- **TASK STATEMENT**:
Only the lines from the one containing "König Design Handy" through the end of the records should be retyped, exactly and including both ends; pictures stay out.

Source records
---
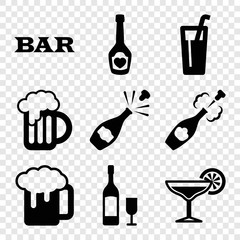 Set of 9 alcohol filled icons
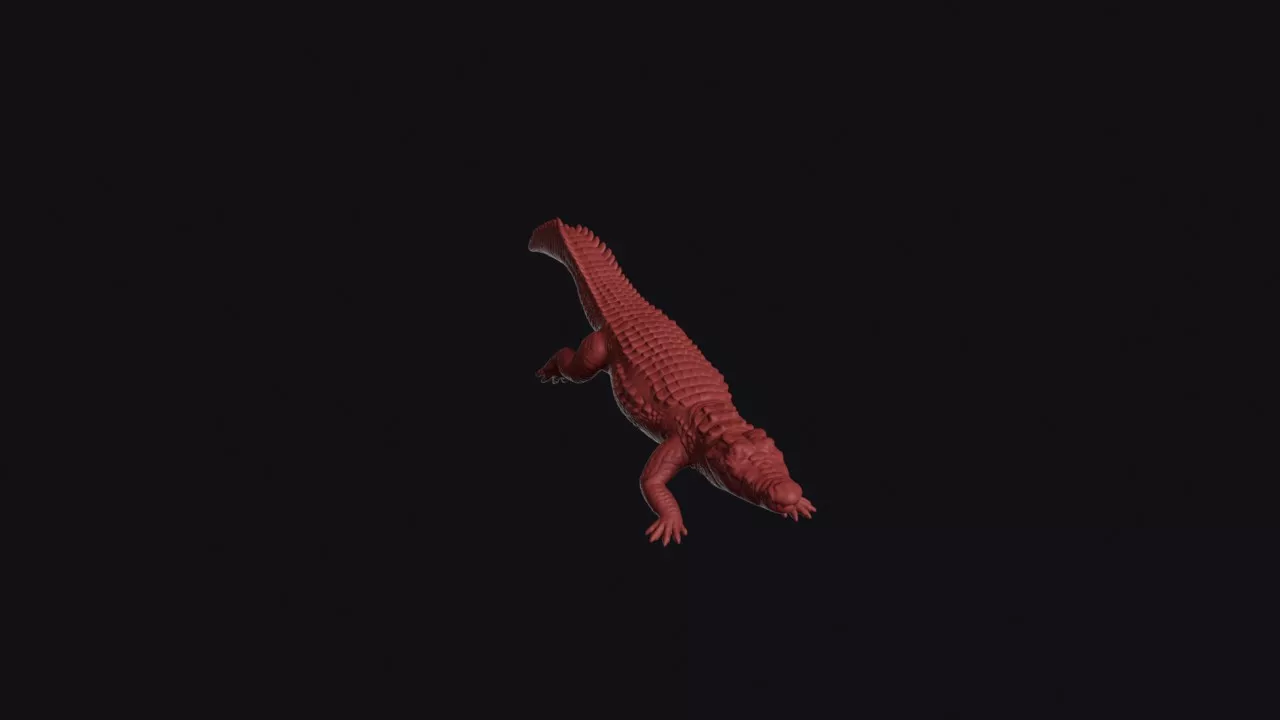 Leaping Crocodile 3D print model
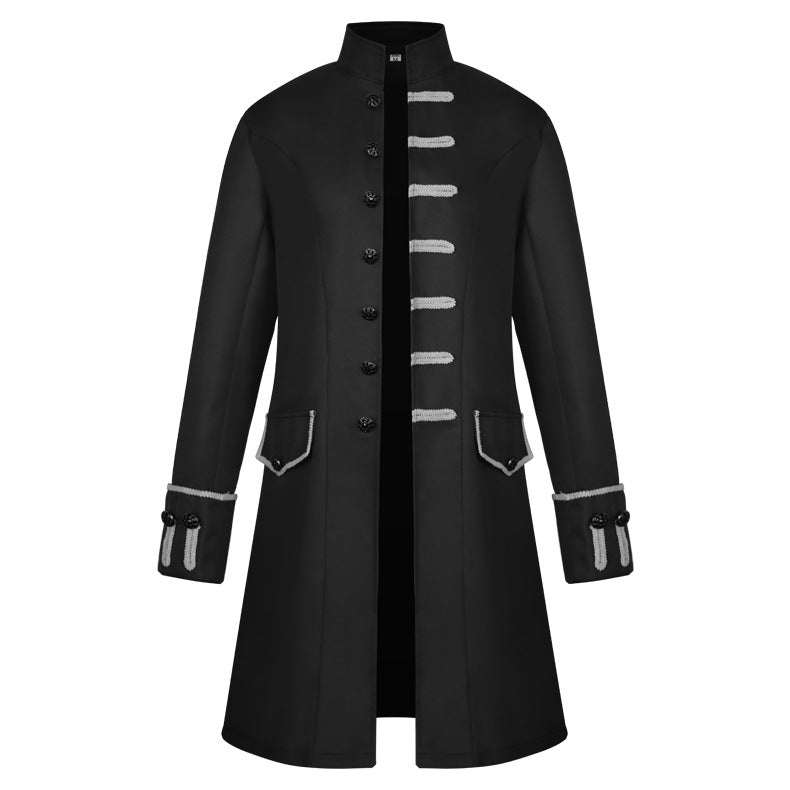 A Medieval Vintage Clothing men's black coat with silver buttons, perfect for those seeking a retro style.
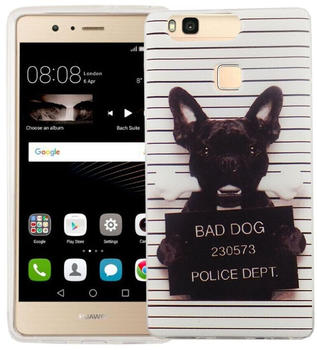 König Design Handy Hülle für Huawei P9 Lite Cover Case Schutz Tasche Motiv Slim Silikon TPU Böser Hund Weiß
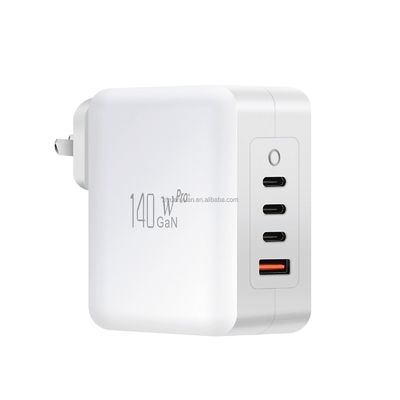Caricabatterie da muro rapido 140W 3XUSB-C e USB-A a 2 pin EU/AU per smartphone, laptop, tablet | Protezione da sovraccarico e cortocircuito | Conforme CE e RoHS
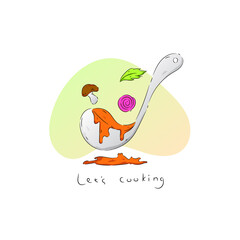 hand draw cooking illustration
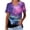 Multi 09, variant on Fesfesfes Women Tops Women's Fashion Casual Print Astral V-neck Short Sleeve T-shirt Fitted Shirts for Women M(US:6)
---
- **WRITTEN SOLUTION**:
 König Design Handy Hülle für Huawei P9 Lite Cover Case Schutz Tasche Motiv Slim Silikon TPU Böser Hund Weiß
Caricabatterie da muro rapido 140W 3XUSB-C e USB-A a 2 pin EU/AU per smartphone, laptop, tablet | Protezione da sovraccarico e cortocircuito | Conforme CE e RoHS
 hand draw cooking illustration
 Multi 09, variant on Fesfesfes Women Tops Women's Fashion Casual Print Astral V-neck Short Sleeve T-shirt Fitted Shirts for Women M(US:6)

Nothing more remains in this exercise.